# [What to do]
Would you repeat the whole listing exactly, pictures excluded?

# [Listed entries]
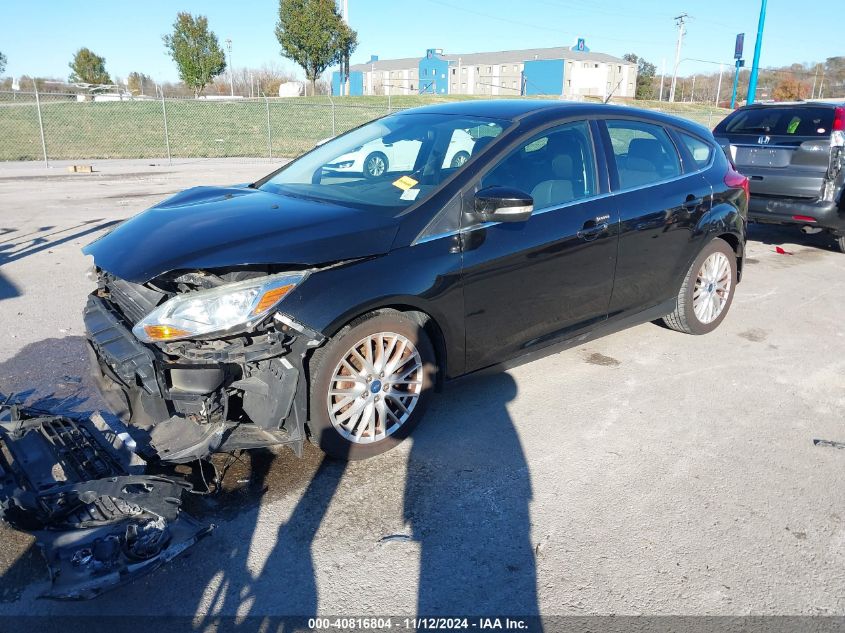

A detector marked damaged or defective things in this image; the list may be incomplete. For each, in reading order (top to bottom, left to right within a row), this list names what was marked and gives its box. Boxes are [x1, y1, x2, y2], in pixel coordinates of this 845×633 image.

damaged front bumper [85, 288, 324, 462]
broken headlight [130, 270, 304, 344]
crumpled hood [84, 184, 400, 280]
damaged front bumper [0, 400, 211, 596]
detached car part [0, 398, 211, 600]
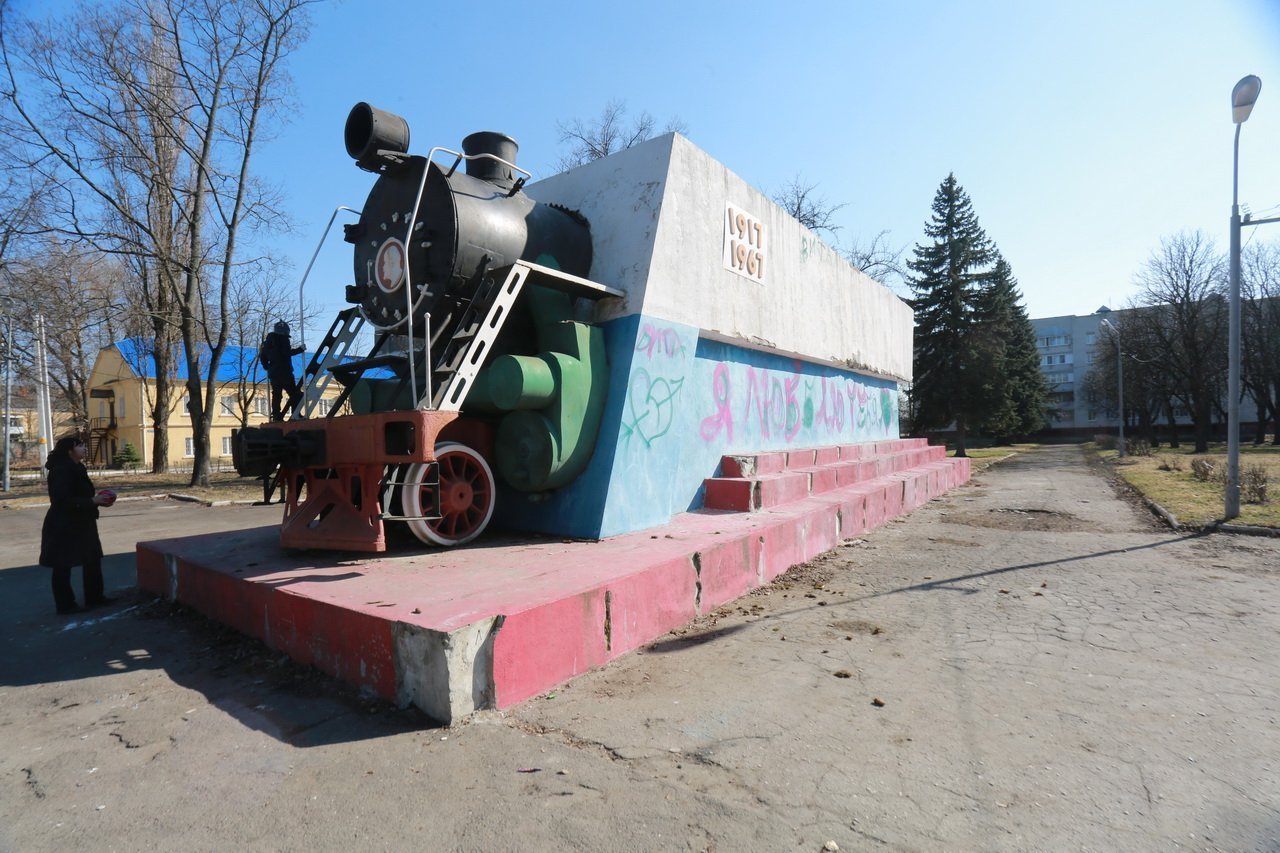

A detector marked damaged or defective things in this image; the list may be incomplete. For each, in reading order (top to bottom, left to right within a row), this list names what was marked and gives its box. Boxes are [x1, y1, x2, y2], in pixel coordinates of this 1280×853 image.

# [The answer]
A detector marked damaged or defective things in this image; the list may be incomplete. For each, in reading order (top to bottom, left to right within a row), this list names what was marked and gives its box. Boxes are [x1, y1, x2, y2], in pixel coordinates of this 845×633 image.

damaged front bumper [85, 288, 324, 462]
broken headlight [130, 270, 304, 344]
crumpled hood [84, 184, 400, 280]
damaged front bumper [0, 400, 211, 596]
detached car part [0, 398, 211, 600]

A detector marked damaged or defective things in this image; the list may be incomplete. For each, in reading order (top to bottom, left to right within a row), this list names what was marked and gives its box. Boxes are [x1, y1, x2, y2], in pixel coordinates of this 1280×853 image.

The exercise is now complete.